Cantet, para quem o cinema com tom social não é novidade, acredita que esse seja seu filme mais feliz. “Os personagens tentam se encontrar, compreender seu lugar no mundo, compreender ao próximo. Não é fácil, mas tento trazer uma nota de esperança em meio ao caos do presente”.
Para ele, se não houver um trabalho de reflexão, proposto por exemplo pelo cinema, a vida no Ocidente estará fadada ao fracasso.
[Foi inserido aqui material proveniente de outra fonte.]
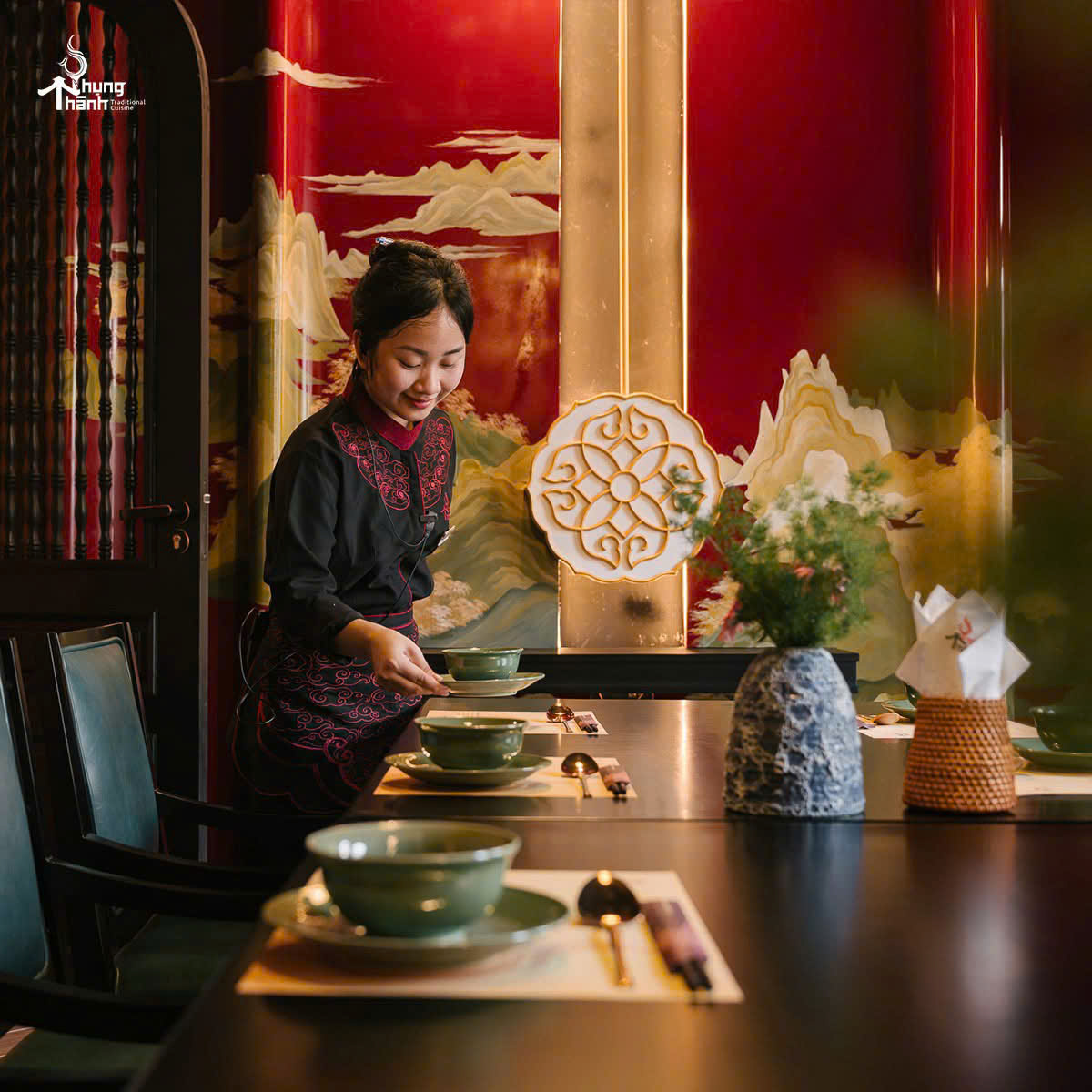 Những nếp phục vụ tinh tế tại Phụng Thành - nhà hàng Việt sang trọng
A Trama se une ao time de filmes da Mostra que lidam com temas sociais correntes na Europa, como a questão dos refugiados e a ascensão da extrema direita – como Lutando através da noite e Essa é a nossa terra. “A dificuldade de vivermos juntos é uma questão importante no presente. É preciso aceitar o modo de vida do outro.”
Cantet trabalha nesse filme há algumas décadas, mas, apenas três anos atrás, começou a escrever o roteiro. Ele conta que faz um texto com diálogos muito precisos e detalhados, mas durante os ensaios dá oportunidade para que o elenco os transforme. “É preciso que interpretem da maneira deles, que encontrem suas próprias palavras, suas próprias energias, e assim se crie a interação.” No filme, o diretor trabalha com elenco experiente, como Marina Föis, e jovens iniciantes – destacando-se Matthieu Lucci, que interpreta um rapaz especialmente problemático. “No set trato todos da mesma forma, faço as mesmas exigências, até para que haja uma unidade nas interpretações”.
A seleção do elenco foi um processo longo e envolveu três cidades diferentes. “Era necessário encontrar jovens não apenas talentosos, mas que também fossem capazes de manter uma interação uns com os outro. Se tivesse algum erro ali, o filme não existiria.” Com eles, foi capaz de ampliar o olhar sobre a juventude contemporânea, quando busca compreender questões como a sedução dos mais jovens pelos extremos e a falta de referência que eles têm para se encontrar no mundo.
O filme estreou na França há três semanas, onde recebeu críticas bem positivas e levantou diversos debates. “Fiz questão de participar de várias sessões, e em todas surgiram questões pertinentes sobre o estado do mundo.”